Leningradskaya Oblast is washed by waters of Gulf of Finland in the northwest, by Ladoga, the largest lake in Europe, in the north, and in the northeast - by Lake Onega. Historically the region is regarded as one of the most significant territories of Russia. The first capital of the ancient Russian state - Ladoga, founded in IX century by Russian prince Ruric, was in those times the first Russian city on the famous trading way "from Varangians to Greeks". Here in XII century appeared a first stone fortress in Russia.
The stone fortresses of Vyborg, Priozersk (Korel), Ivangorod, Schlisselburg (Petrokrepost) contained enemies and contributed to defensibility of Russia. Hundreds monuments erected by grateful descendants in honour of died defenders attract numerous tourists.
Since XIII century monasteries of this land turned into large spiritual centres: Alexandro-Svirsky (Lodeynoye Pole), Zelenetsky (Volkhov), Uspensky (Tikhvin), Konevetsky (the Island of Konevets on Ladoga). These and other objects of old Russian architecture excite constant interest among tourists. Severe historical destiny, closeness to Saint Petersburg, its geographical position determined the characteristic features of nature and economy of Leningradskaya Oblast.
In its territory some unique natural complexes are situated. Among them are the Lindulovskaya (Petrovskaya) grove, the State Ornithological Nizhne-Svirsky reserve, the Sablinskiye caves and other objects under protection. Here were kept numerous ancient manors, churches and chapels.
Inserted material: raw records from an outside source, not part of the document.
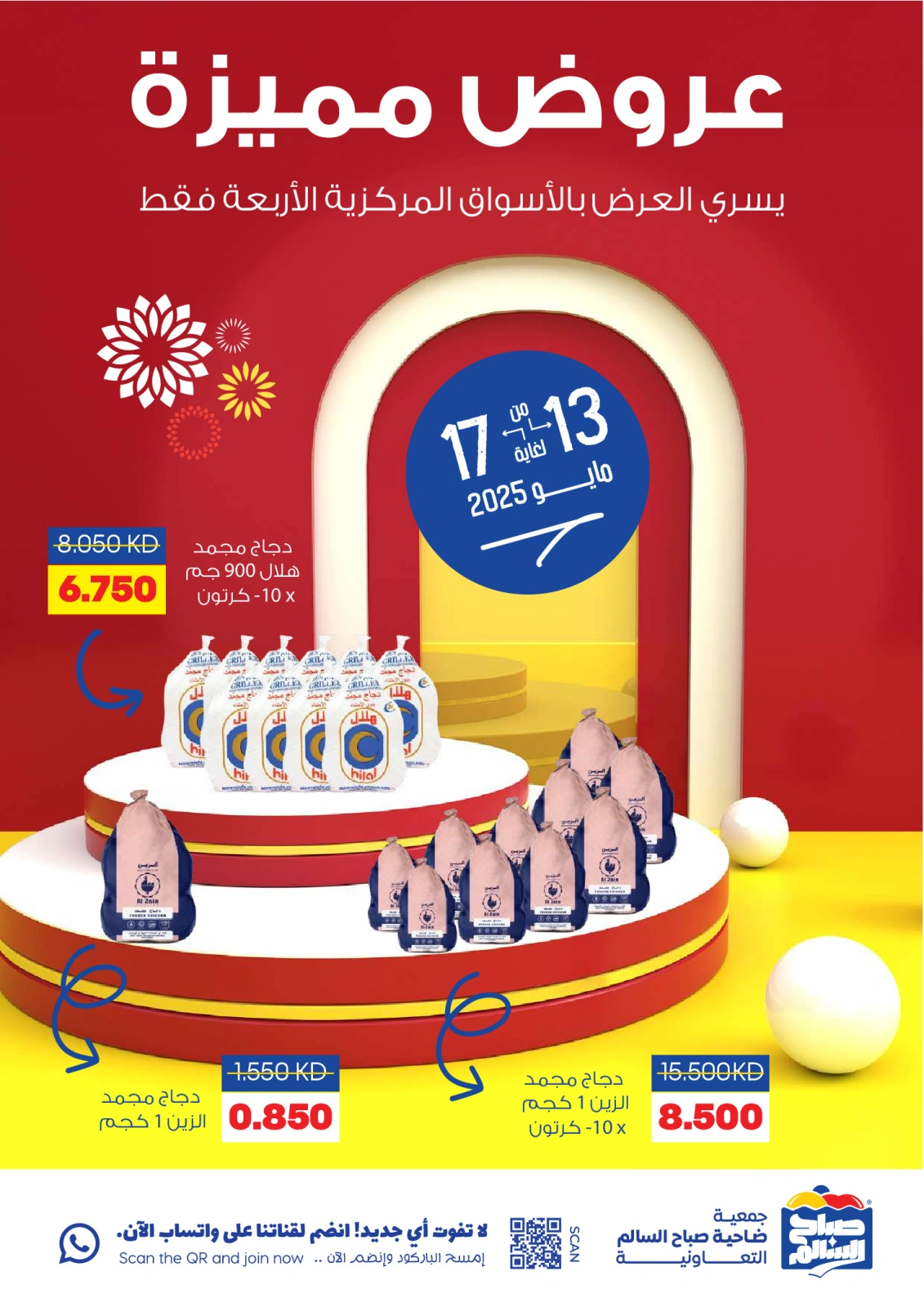 Página 1 en Ofertas especiales en Cooperativa Sabah Al Salem Kuwait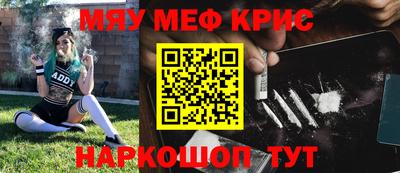 сатива Бердск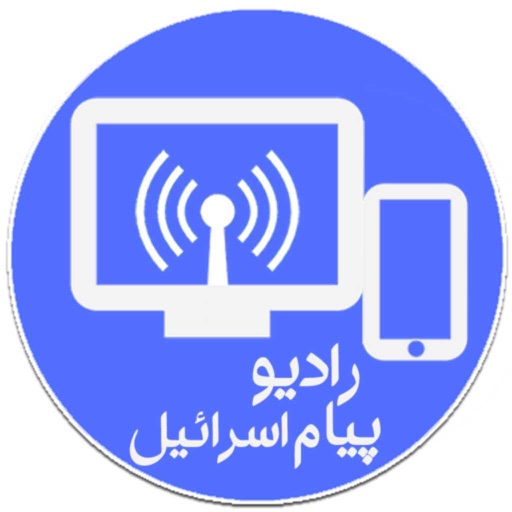 Radio Payam Israel رادیو پیام iOS App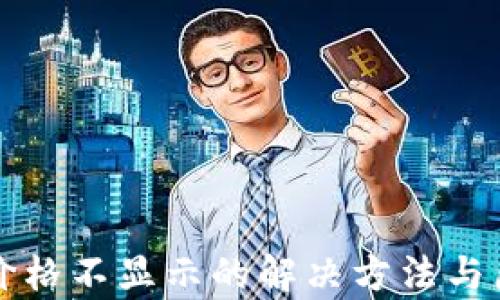 TP钱包价格不显示的解决方法与原因解析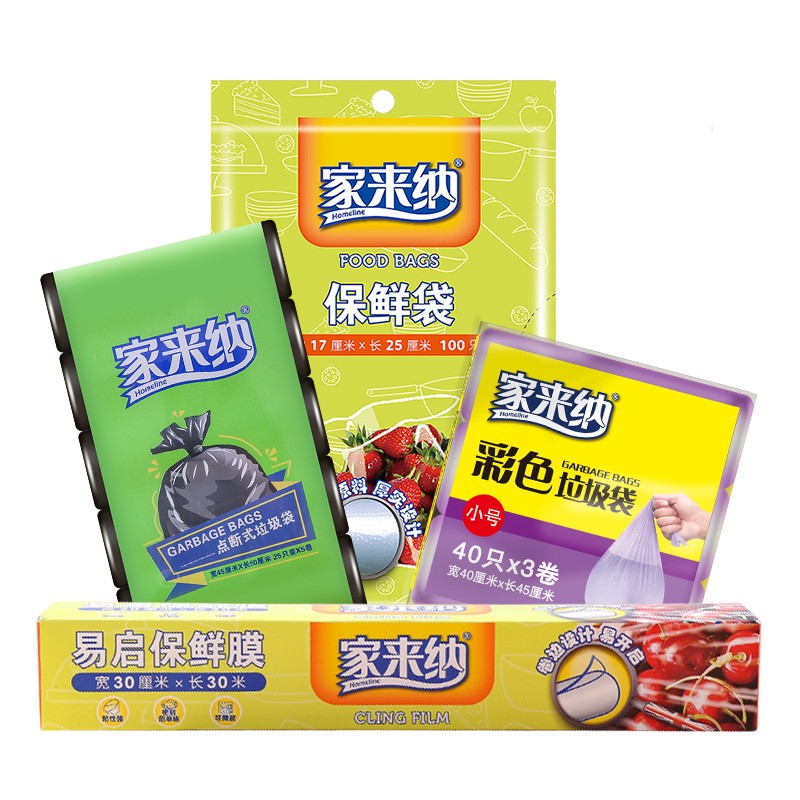 【第2件15.9】家来纳 一次性塑料袋 445只丨4件家用组合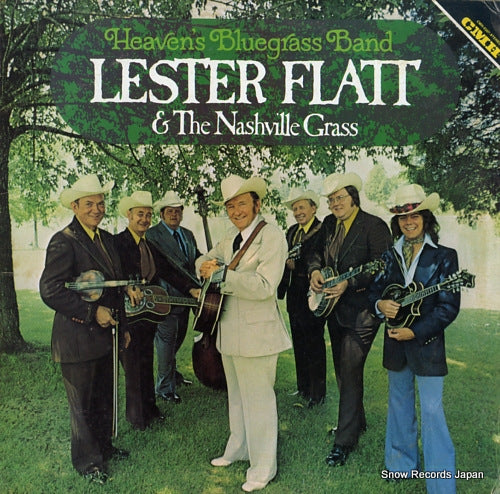 FLATT, LESTER heaven's bluegrass band CMH-6207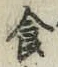 “食”字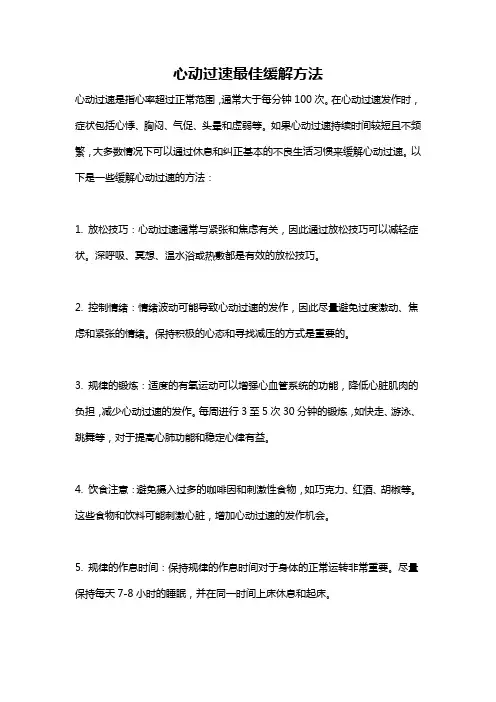 心动过速最佳缓解方法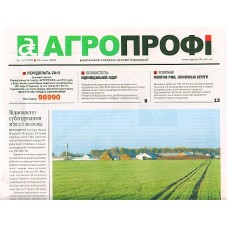 Агропрофі Агропрофі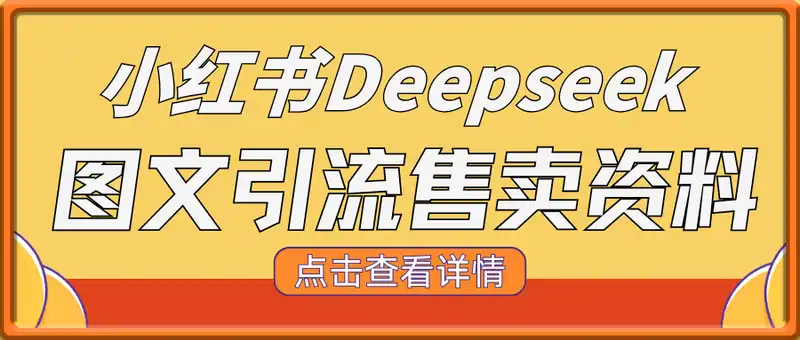 小红书Deepseek 图文引流私域售卖资料，单日变现多张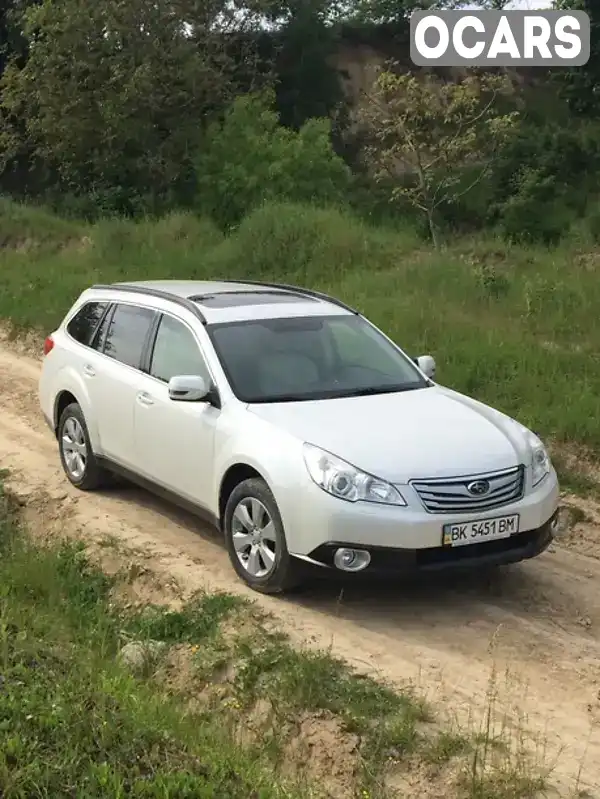 Універсал Subaru Outback 2011 2.46 л. Варіатор обл. Рівненська, Рівне - Фото 1/21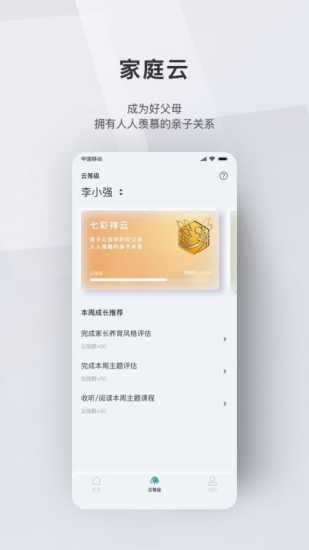 問(wèn)向家長(zhǎng)app安卓最新版截圖1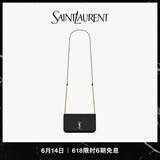 YSL圣罗兰 女士CASSANDRE SAINT LAURENT光滑皮革饰带手机包 黑色 U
Presence of large transport communications (motorways, railway, sea and river lines) and the modern international airport in Saint Petersburg provide convenient conditions for passenger transportation.
The area of Leningradskaya Oblast is 85,9 thousand square kilometers. There are 1800 lakes in the region. The largest one is Ladoga being largest in Europe as well. Its area is 18,135 thousand square kilometers.
General extension of all rivers in the region is about 50 thousand kilometers. Largest of them are Neva, Svir, Volkhov and Vuoksa. Forests occupy 55,5 % of the oblast. There are a lot of minerals. Bauxites, shale oil and phosphorites are of the greatest industrial value.
The original scenery of this place was presented by dense forests and bogs. Even today, after centuries of economic development, forests occupy about the half and bogs almost 12 % of the region. Leningradskaya Oblast is known for its historical monuments and the developed network of cultural establishments. There are more than 3900 monuments in the region. The ethnographic potential of the oblast is determined by the peoples of different cultural level. They are the Russians, the Karelians, the Veps, the Izhors and others.